EXERCISE DESCRIPTION: What you write must be the lines from the one holding "Grey marled knit maxi dress" through the final line of the records below, reproduced exactly, minus the pictures.

==================================================

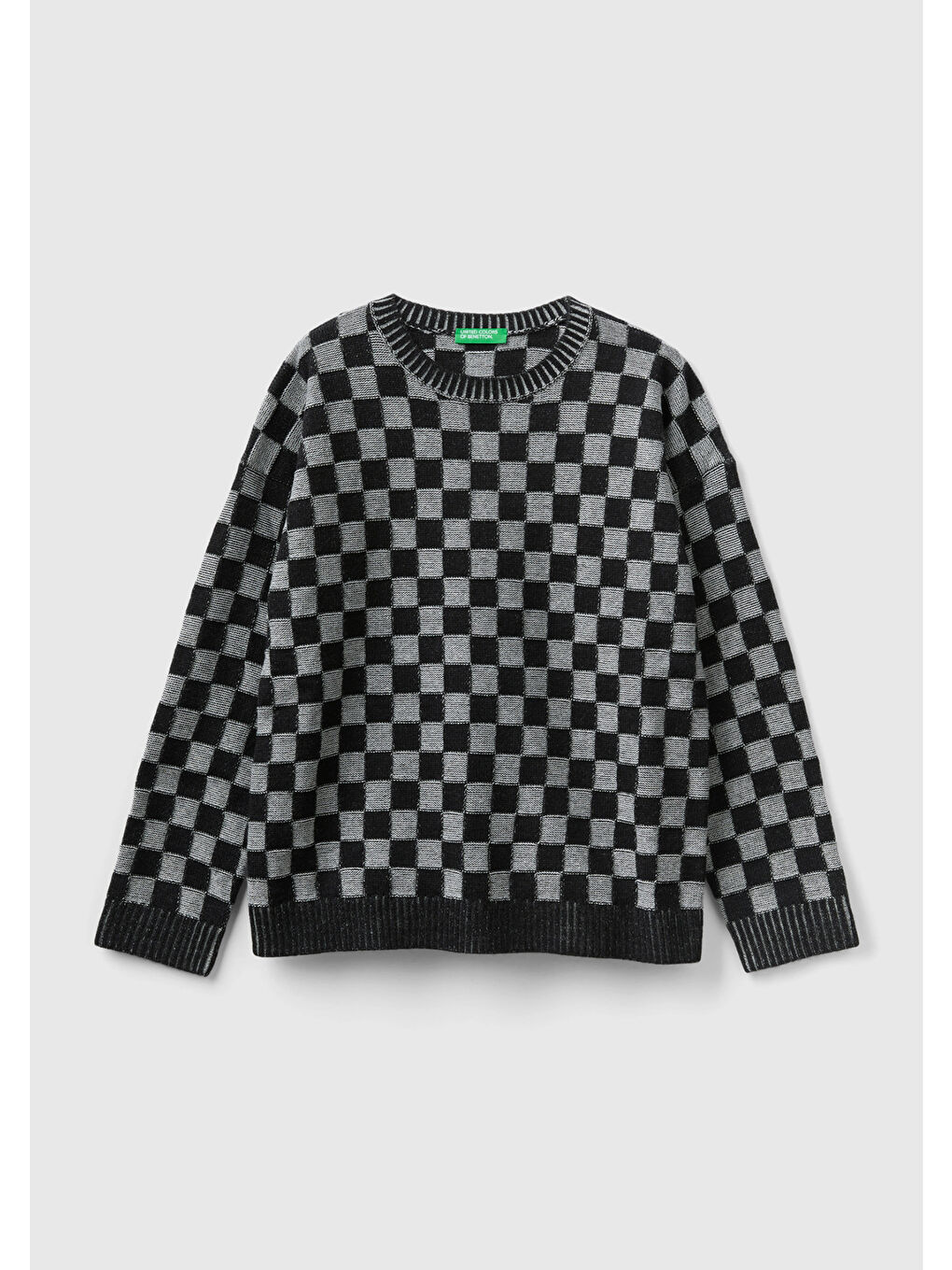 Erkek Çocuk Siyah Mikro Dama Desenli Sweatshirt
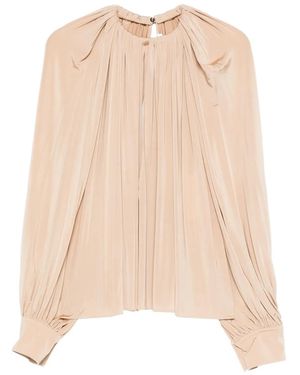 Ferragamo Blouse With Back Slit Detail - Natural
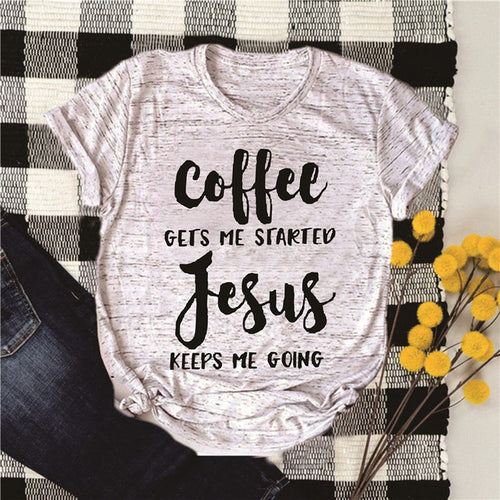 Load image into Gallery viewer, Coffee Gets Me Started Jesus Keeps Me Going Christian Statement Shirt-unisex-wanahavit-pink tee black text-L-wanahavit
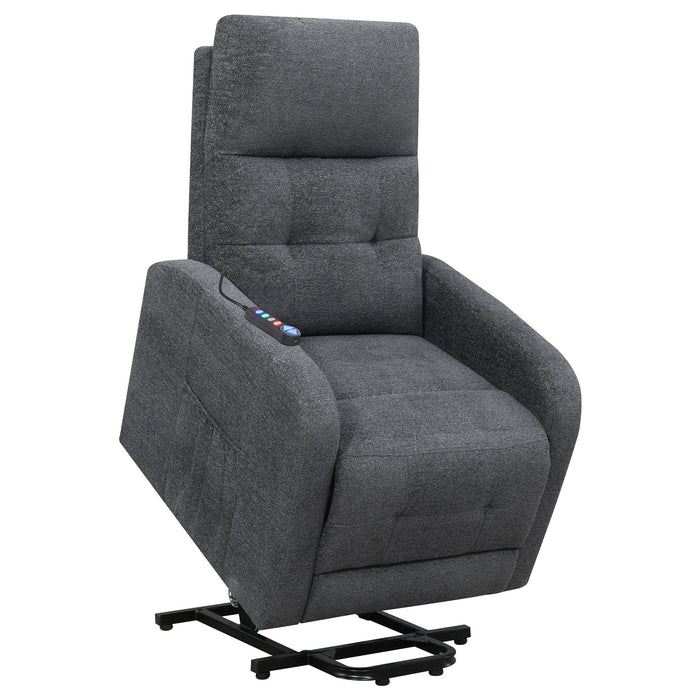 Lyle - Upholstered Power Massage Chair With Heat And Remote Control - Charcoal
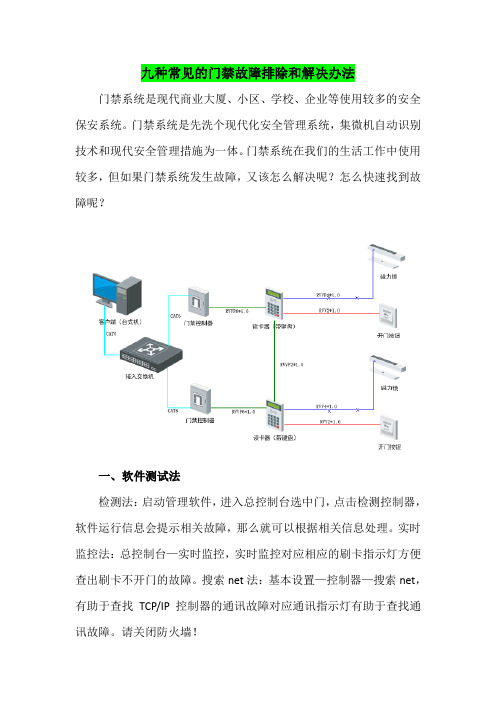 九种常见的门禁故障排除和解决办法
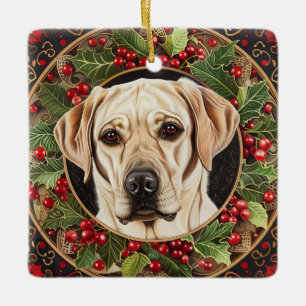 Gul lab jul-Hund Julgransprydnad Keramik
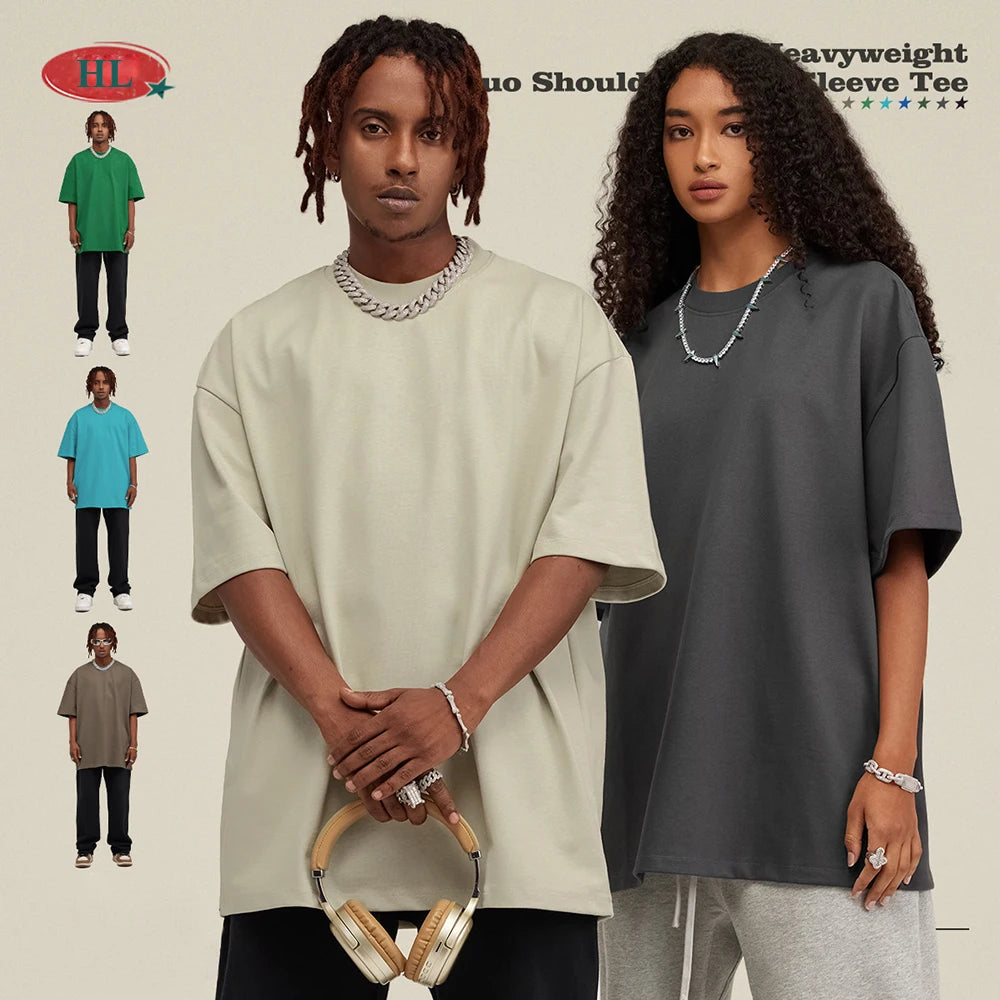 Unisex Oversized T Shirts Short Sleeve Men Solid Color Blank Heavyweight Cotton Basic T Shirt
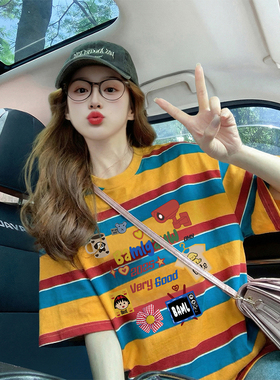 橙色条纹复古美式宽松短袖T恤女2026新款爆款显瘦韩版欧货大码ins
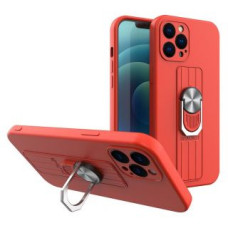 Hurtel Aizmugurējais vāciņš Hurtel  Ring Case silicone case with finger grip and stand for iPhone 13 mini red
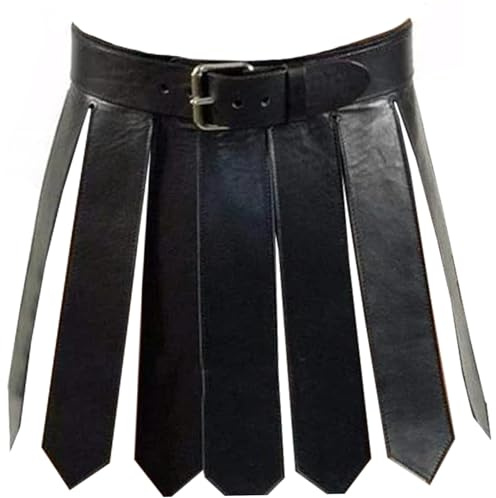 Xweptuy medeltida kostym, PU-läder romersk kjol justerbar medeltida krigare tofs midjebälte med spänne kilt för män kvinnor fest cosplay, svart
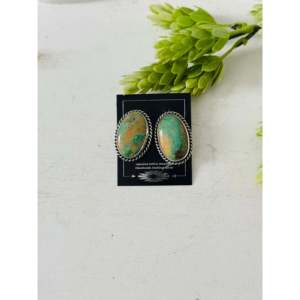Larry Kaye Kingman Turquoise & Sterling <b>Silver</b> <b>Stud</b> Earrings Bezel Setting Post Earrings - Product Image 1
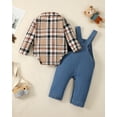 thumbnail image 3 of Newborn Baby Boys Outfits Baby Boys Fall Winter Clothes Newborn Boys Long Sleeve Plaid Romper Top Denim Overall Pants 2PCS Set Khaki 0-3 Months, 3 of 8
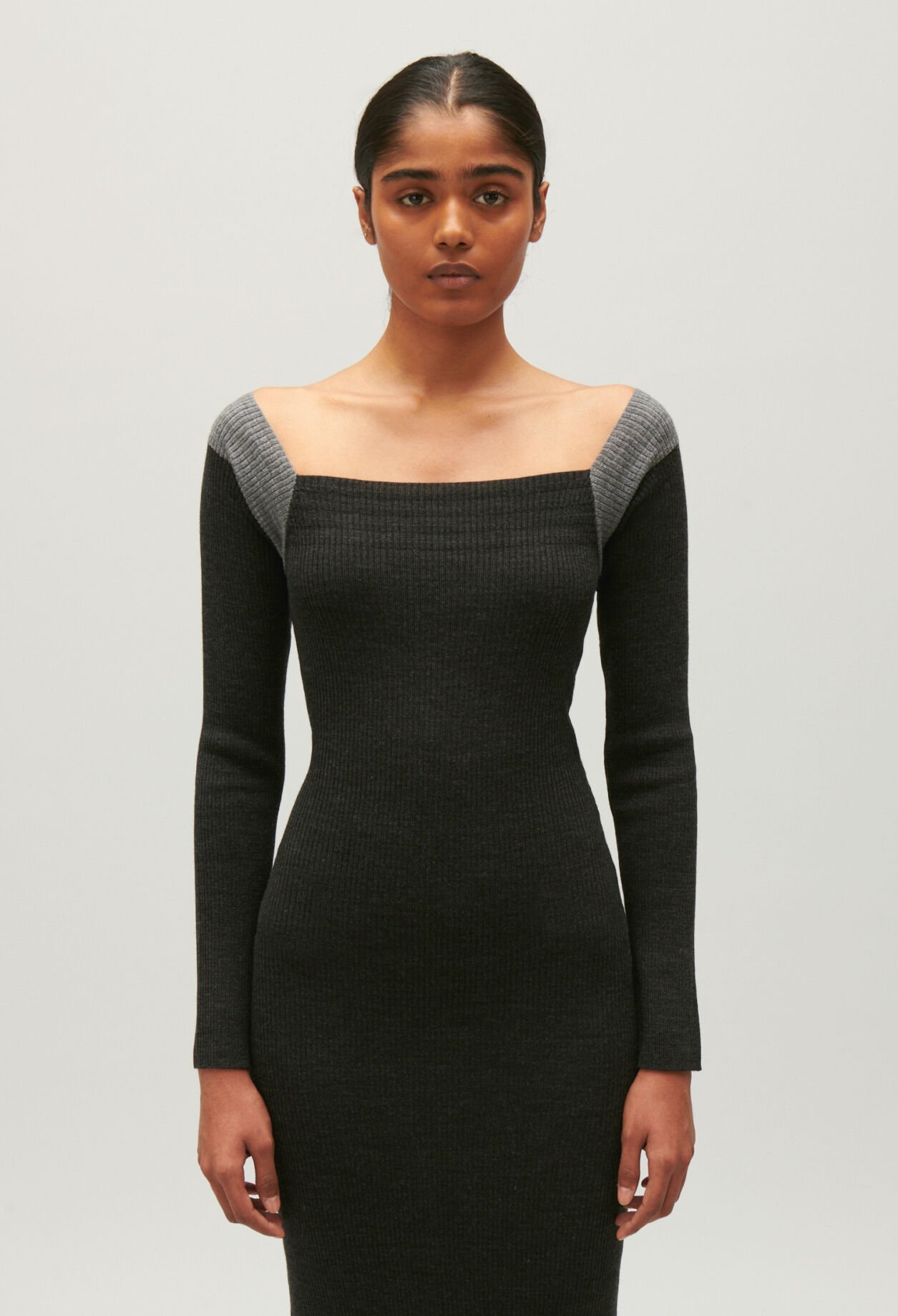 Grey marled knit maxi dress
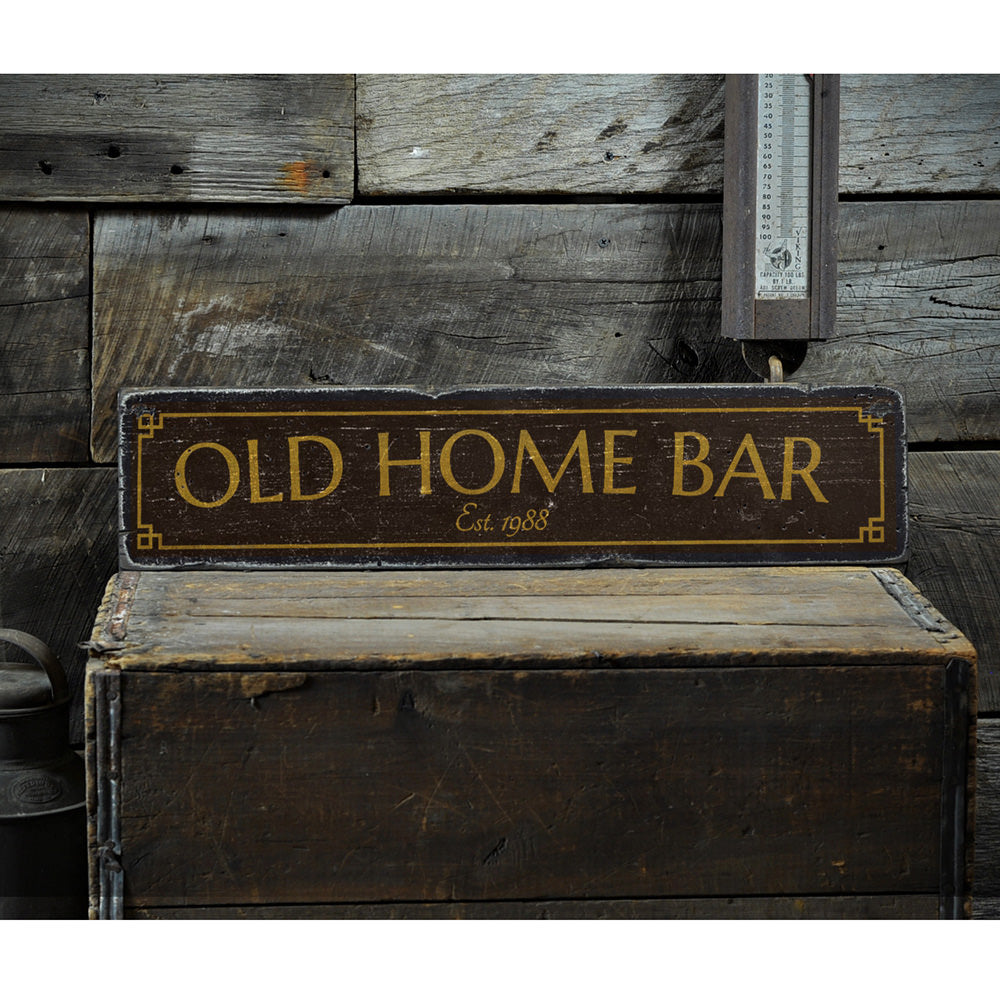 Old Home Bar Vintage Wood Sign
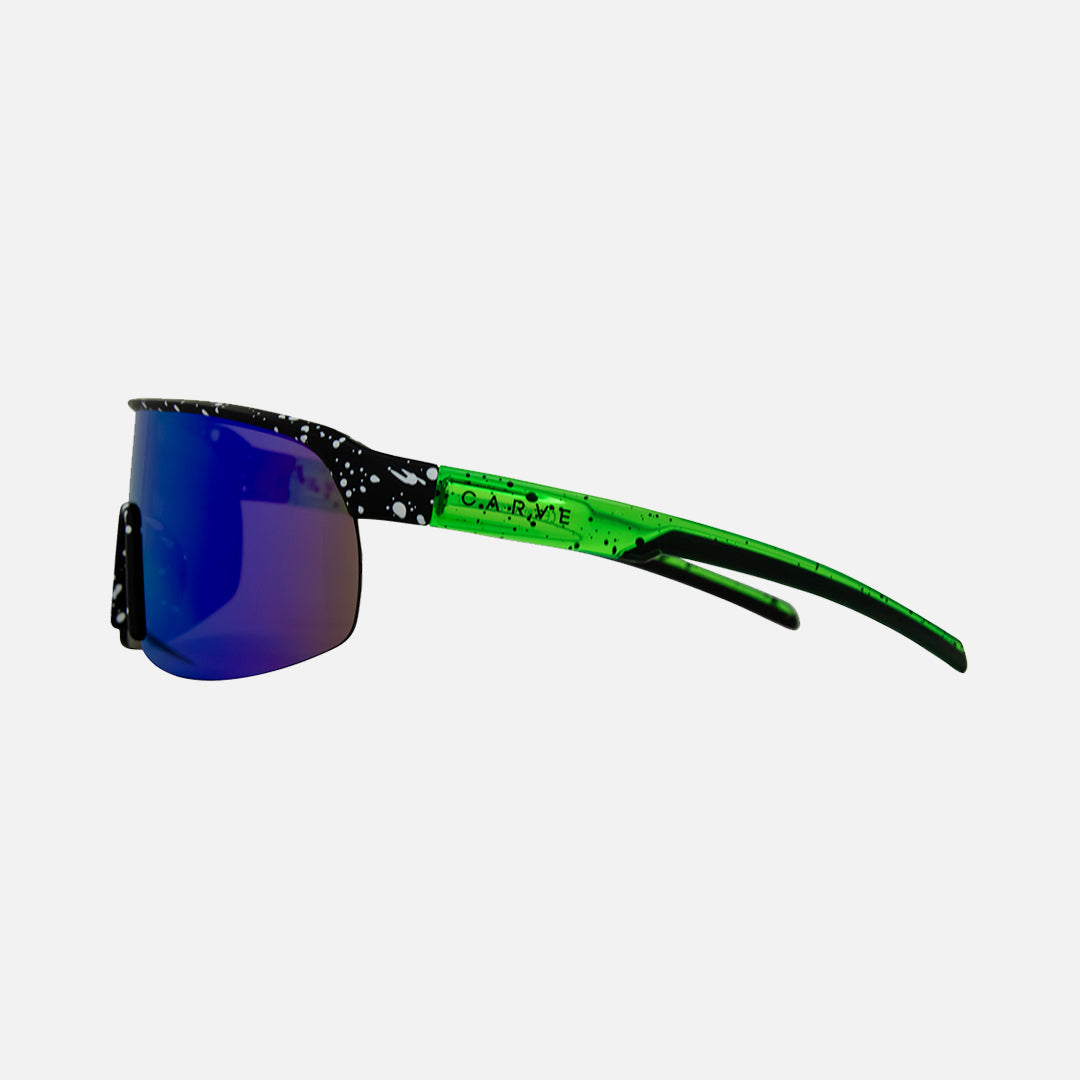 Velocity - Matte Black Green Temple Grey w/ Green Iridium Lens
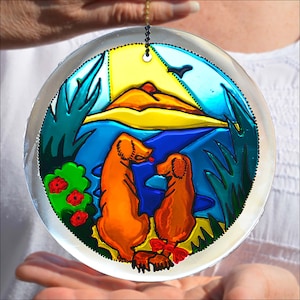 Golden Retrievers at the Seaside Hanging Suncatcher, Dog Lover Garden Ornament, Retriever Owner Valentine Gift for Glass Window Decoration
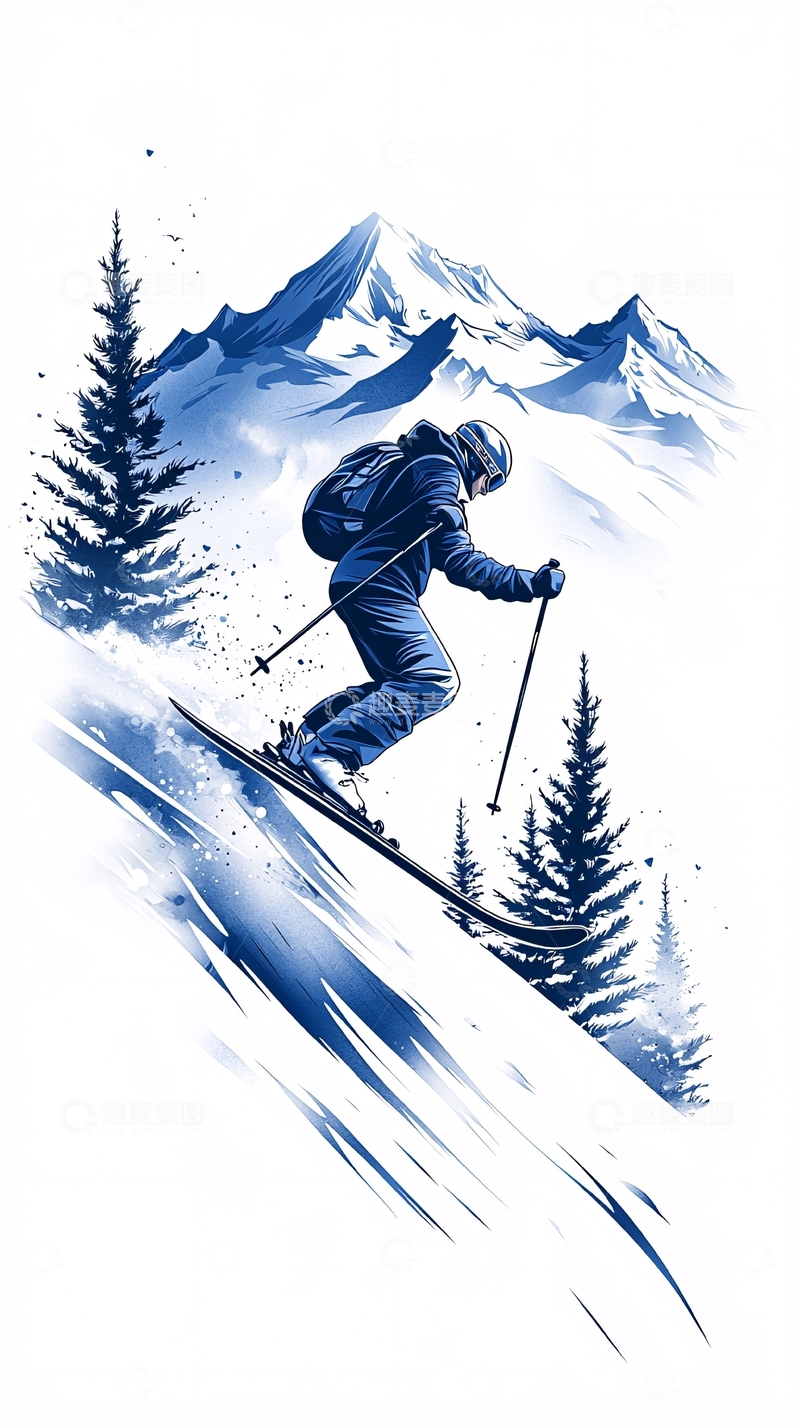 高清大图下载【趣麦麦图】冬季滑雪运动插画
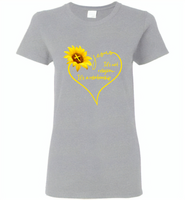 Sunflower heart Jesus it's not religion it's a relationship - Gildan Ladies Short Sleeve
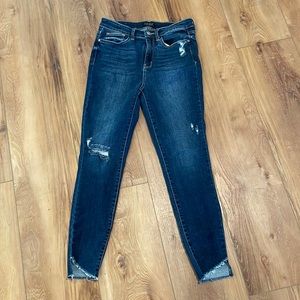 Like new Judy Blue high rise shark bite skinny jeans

==================================================

WRITTEN ANSWER:
 Grey marled knit maxi dress
 Old Home Bar Vintage Wood Sign
 Velocity - Matte Black Green Temple Grey w/ Green Iridium Lens
 Golden Retrievers at the Seaside Hanging Suncatcher, Dog Lover Garden Ornament, Retriever Owner Valentine Gift for Glass Window Decoration
 高清大图下载【趣麦麦图】冬季滑雪运动插画
 Sunflower heart Jesus it's not religion it's a relationship - Gildan Ladies Short Sleeve
 Like new Judy Blue high rise shark bite skinny jeans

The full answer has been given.